Would you retype the lines from the one that holds "Blue Stanley The" to the final line of the entries below, both ends included and exactly as written, but without pictures?

## [INPUT DATA]

──────────

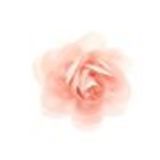 Pin 11 cm, rosa Stift TAMMY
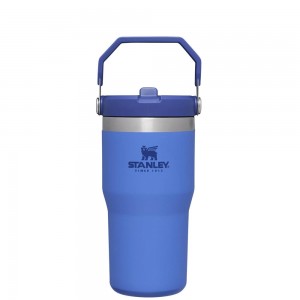 Blue Stanley The IceFlow Flip Straw Tumbler | 20 OZ | Insulated Water Tumbler | Sta Water Bottles | 21865DIPL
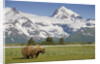 Grizzly Bear Eating Sedge Grass in Meadow at Hallo Bay by Anonymous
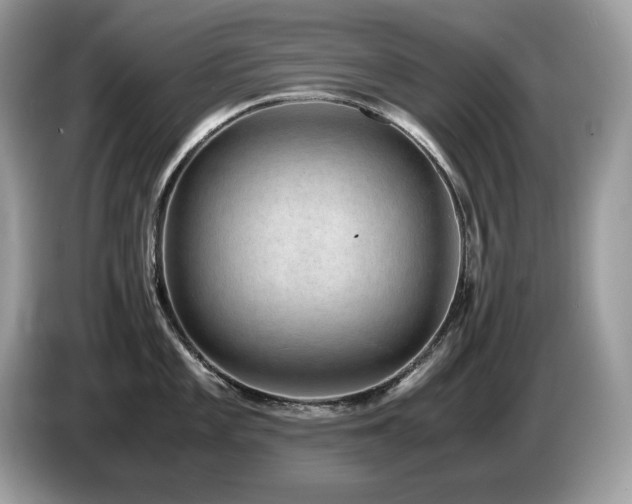 X0000087561101200704271221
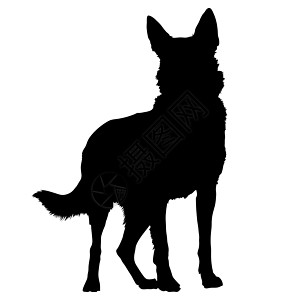 德国黑色品种警犬身体犬类尾巴图片
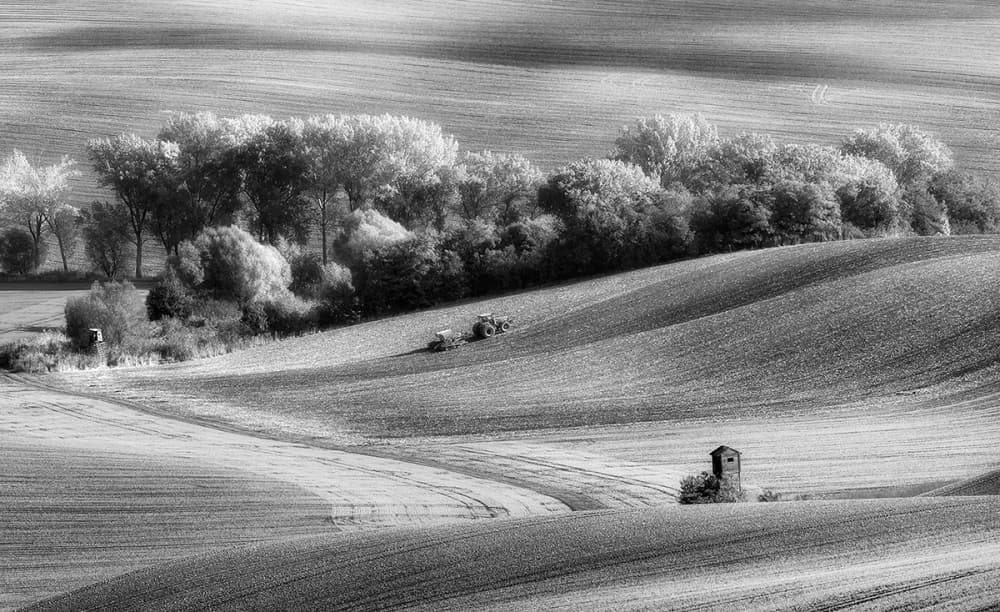 Rolling Farm Hills by Piotr Krol (Bax) — canvas wall art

──────────

## [EXPECTED OUTPUT]
 Blue Stanley The IceFlow Flip Straw Tumbler | 20 OZ | Insulated Water Tumbler | Sta Water Bottles | 21865DIPL
 Grizzly Bear Eating Sedge Grass in Meadow at Hallo Bay by Anonymous
 X0000087561101200704271221
 德国黑色品种警犬身体犬类尾巴图片
 Rolling Farm Hills by Piotr Krol (Bax) — canvas wall art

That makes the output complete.